### Required work
Beneath this instruction is a listing; print exactly the lines in it starting at the line that contains "Nya Åland 14.4.2026" and going through the line that contains "AG_studio - Wholesale".

### Given data

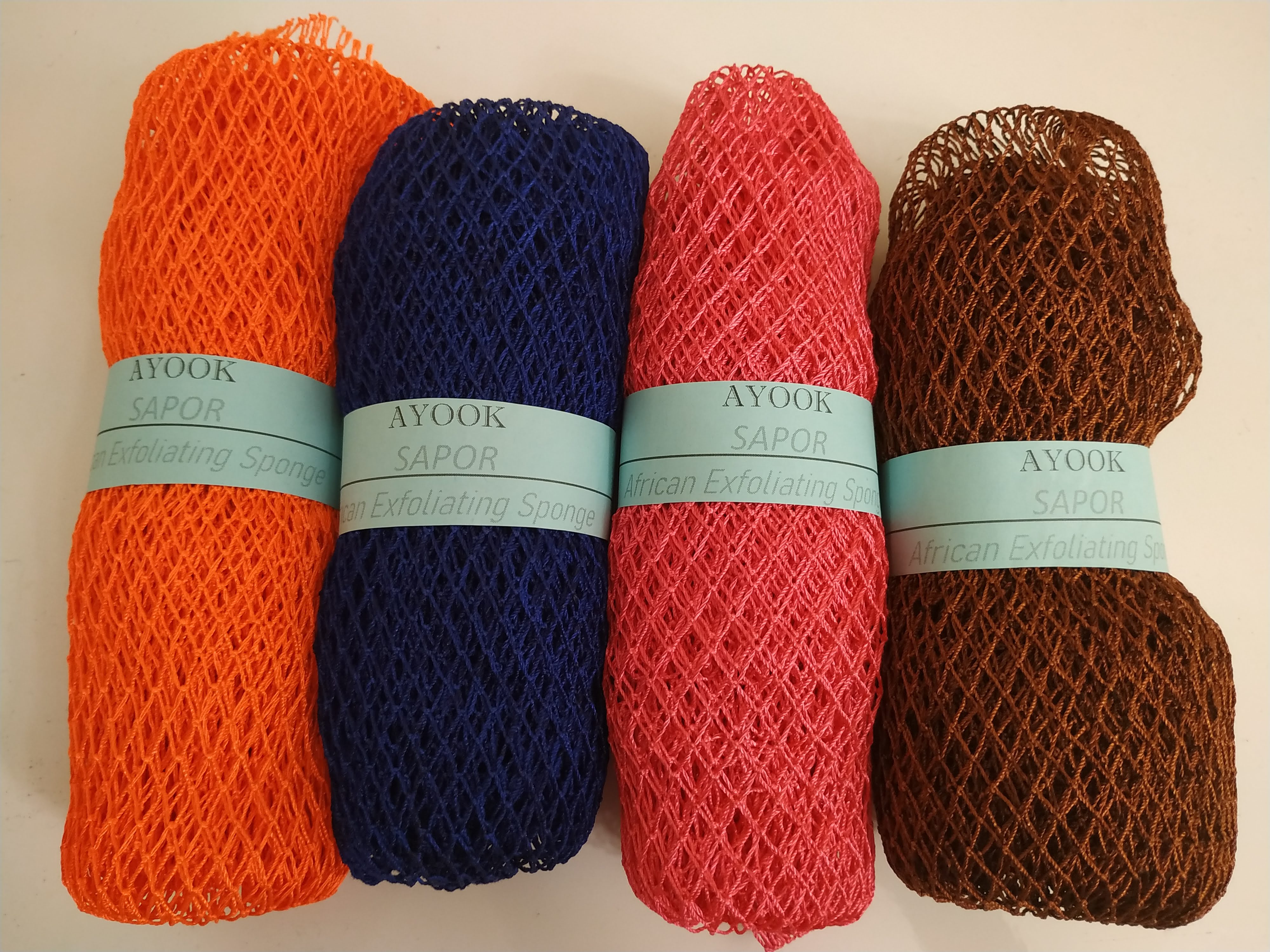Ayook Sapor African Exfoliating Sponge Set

==

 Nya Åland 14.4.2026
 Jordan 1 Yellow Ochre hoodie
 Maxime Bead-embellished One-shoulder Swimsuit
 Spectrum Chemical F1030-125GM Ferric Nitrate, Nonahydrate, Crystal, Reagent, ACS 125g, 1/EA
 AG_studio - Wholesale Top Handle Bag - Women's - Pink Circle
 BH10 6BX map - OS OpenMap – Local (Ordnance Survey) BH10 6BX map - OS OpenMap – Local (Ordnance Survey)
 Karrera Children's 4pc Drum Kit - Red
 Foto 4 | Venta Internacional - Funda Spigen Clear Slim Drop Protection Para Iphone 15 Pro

### Task solution
 Nya Åland 14.4.2026
 Jordan 1 Yellow Ochre hoodie
 Maxime Bead-embellished One-shoulder Swimsuit
 Spectrum Chemical F1030-125GM Ferric Nitrate, Nonahydrate, Crystal, Reagent, ACS 125g, 1/EA
 AG_studio - Wholesale Top Handle Bag - Women's - Pink Circle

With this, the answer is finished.